Task description.
The answer must consist of every line in the records that contains the word "Package".

Provided records.
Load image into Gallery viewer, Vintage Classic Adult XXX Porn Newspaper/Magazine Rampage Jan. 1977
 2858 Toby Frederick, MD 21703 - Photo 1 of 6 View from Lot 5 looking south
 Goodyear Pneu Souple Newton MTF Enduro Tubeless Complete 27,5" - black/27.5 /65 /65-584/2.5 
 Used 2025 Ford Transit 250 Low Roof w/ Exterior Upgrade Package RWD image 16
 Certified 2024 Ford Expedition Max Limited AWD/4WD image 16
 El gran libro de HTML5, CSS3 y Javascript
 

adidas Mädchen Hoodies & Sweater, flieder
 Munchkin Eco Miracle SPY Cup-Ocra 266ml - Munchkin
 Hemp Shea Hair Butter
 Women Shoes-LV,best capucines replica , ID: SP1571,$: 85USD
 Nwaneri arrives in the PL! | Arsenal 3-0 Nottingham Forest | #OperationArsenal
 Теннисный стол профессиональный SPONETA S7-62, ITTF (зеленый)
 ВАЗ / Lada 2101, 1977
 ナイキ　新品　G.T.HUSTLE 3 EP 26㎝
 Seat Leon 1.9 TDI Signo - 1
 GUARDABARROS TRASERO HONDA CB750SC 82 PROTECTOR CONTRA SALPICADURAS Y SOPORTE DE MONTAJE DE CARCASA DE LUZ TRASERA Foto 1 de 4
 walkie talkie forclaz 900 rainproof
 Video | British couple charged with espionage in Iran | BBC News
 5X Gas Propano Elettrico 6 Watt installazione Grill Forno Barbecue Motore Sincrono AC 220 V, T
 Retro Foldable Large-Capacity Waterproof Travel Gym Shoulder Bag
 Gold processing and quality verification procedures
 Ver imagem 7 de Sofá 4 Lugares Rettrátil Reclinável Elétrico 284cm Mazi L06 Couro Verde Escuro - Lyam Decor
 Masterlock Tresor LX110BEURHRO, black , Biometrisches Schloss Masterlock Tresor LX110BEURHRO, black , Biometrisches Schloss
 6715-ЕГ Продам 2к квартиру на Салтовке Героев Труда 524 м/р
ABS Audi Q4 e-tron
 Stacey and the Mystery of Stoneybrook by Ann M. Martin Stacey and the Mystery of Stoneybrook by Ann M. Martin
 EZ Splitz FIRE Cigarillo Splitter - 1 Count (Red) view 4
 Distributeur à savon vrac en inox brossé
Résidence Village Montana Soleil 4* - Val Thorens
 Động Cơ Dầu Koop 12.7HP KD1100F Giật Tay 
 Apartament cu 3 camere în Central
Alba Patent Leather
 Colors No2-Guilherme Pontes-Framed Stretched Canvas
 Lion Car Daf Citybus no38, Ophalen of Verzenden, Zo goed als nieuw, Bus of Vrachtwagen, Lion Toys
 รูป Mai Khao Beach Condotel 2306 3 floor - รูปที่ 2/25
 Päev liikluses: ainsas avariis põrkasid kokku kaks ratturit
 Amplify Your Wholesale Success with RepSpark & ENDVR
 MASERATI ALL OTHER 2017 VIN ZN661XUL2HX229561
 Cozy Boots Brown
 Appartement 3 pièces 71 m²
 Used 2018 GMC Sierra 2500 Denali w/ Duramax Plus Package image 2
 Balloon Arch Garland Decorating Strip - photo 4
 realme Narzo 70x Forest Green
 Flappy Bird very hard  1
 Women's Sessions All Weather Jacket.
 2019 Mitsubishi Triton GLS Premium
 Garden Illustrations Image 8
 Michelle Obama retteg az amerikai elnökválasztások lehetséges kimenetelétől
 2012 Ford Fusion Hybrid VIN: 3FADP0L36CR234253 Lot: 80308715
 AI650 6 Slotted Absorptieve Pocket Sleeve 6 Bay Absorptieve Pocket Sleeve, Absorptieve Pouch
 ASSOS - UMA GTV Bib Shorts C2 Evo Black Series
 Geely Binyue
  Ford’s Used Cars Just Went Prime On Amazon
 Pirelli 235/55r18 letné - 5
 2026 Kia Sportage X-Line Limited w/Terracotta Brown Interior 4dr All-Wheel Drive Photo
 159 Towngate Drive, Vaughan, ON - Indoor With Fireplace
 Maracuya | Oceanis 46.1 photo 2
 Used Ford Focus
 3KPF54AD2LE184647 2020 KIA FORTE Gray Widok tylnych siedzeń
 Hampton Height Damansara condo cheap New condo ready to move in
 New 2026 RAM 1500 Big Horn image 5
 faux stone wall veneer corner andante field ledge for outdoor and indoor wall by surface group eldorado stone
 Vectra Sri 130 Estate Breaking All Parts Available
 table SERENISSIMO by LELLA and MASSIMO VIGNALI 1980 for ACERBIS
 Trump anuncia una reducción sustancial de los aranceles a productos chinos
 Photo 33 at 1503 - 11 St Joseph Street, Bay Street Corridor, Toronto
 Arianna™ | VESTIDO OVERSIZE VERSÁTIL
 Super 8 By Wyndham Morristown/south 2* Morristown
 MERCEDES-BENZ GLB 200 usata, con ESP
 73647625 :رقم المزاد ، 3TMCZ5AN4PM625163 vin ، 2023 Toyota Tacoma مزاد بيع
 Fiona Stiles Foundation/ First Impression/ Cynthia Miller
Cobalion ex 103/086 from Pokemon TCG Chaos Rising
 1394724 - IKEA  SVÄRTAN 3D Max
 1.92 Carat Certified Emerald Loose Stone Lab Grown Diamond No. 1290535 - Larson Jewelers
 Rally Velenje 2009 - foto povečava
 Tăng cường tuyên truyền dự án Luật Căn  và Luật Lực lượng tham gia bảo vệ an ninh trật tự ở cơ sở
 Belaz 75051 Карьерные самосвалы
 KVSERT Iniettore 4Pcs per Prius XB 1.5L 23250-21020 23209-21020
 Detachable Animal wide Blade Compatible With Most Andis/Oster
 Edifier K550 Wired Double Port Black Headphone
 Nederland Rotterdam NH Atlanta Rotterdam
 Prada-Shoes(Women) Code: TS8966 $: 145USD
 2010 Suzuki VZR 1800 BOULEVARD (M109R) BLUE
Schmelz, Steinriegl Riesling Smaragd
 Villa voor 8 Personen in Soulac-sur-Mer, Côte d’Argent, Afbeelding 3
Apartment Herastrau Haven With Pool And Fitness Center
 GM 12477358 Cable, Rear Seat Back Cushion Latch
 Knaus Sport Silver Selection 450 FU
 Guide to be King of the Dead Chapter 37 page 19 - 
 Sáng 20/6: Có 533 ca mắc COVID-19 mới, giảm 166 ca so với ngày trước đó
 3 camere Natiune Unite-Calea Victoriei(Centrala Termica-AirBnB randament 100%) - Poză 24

Solution to the exercise.
 Used 2025 Ford Transit 250 Low Roof w/ Exterior Upgrade Package RWD image 16
 Used 2018 GMC Sierra 2500 Denali w/ Duramax Plus Package image 2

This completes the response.